And so, I can’t say that I was like completely against the invasion. I took a neutral, wait-and-see attitude....

Sort of what it’s turned into in the eyes of many people in the Middle East is a war of imperial conquest gone bad, done poorly. At least the Romans granted their captives citizenship and brought them into the fold and brought stability to the lands that they conquered.

And I think, in the Arab world – and this is a really disastrous thing, they basically view this is as, you know, the Americans came in and they destroyed an Arab country. And I don’t think they’ll ever forgive us for that.
The real question for Americans is whether the continued expenditure of American lives and treasure has any chance of succeeding. Why won't the "surge" work?

"Because there is not - even according to General Petraeus' own guidebook for fighting counterinsurgencies, they're not using soldiers, they're not using enough troops to accomplish their goals...But also, more fundamentally, I don't think that they can do this militarily. I don't think the fundamental problems in Iraq right now are military problems."
Obviously I am publishing this because he is saying what I already think is true. But he isn't saying it to please me. He is saying this because his reporting has led him to believe it. The People who disagree with him do not have similar reports from relatively disinterested reporters to back up their disagreements. They make assertions without facts or reporting to back up those assertions.

The failure in Iraq is in some ways similar to the failure in Viet Nam. first, the American military has been trained, equipped and staffed to fight a war against other armies. In both Viet Nam and in Iraq they have been sent in to conduct an occupation and counterinsurgency operations.

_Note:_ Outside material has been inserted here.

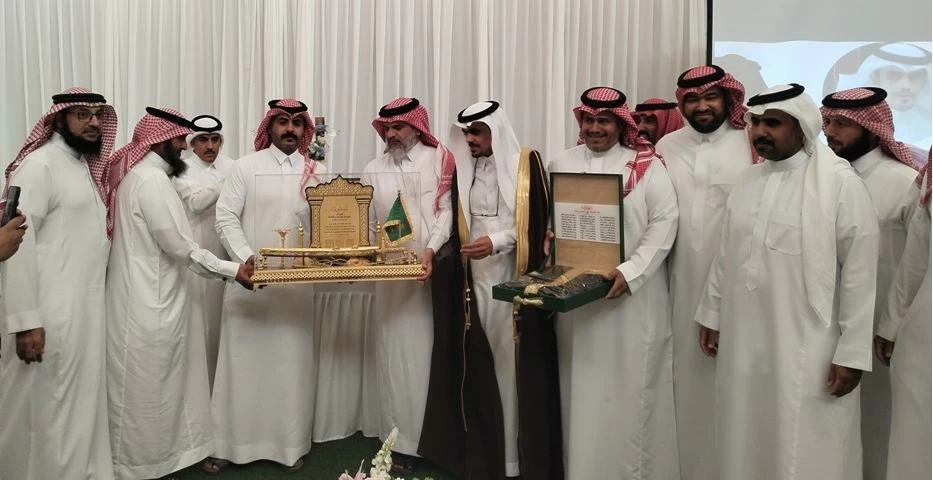 منسوبو ثانوية الوجه يكرمون البلوي بمناسبة تقاعده – أخبار السعودية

Our leaders in both cases called it a war, but it mostly wasn't in viet Nam and it isn't today.

In both cases, our military has adapted as well as it could. But an occupation and counterinsurgency is more political than military. Our American leaders failed to recognize this, and failed completely to conduct the necessary political activities that could lead to success.

They also failed to conduct the management activities required. There is today no real political conception of what it means for America to "win" in Iraq. Without such an idea, an image of what success would look like as it were, there is little or nothing that the large groups of people we have placed in Iraq to work to succeed.

A strategy is a desired end-state together with the resources and coordination needed to achieve that end-state. The desired end-state is known to be political in nature, and is similarly known to be unachievable through purely military means. Worse, the desired end-state requires the good-will and efforts of the people of Iraq and more broadly of the Arabic people. That good-will was lost by 2004, and by now cannot be regained in less than a generation at a minimum.

So to answer the question with which I titled this article, the Press has been reporting the Iraq War negatively because there is little or no possible positive outcome. There may be positive things happening in Iraq and the Middle East but they are irrelevant to any form of success that America could hang its hat on before leaving.

So all we will see is negative reporting, until somehow we get the positive news that our troops are leaving the killing sands of the Middle East desert. The answer is just that simple.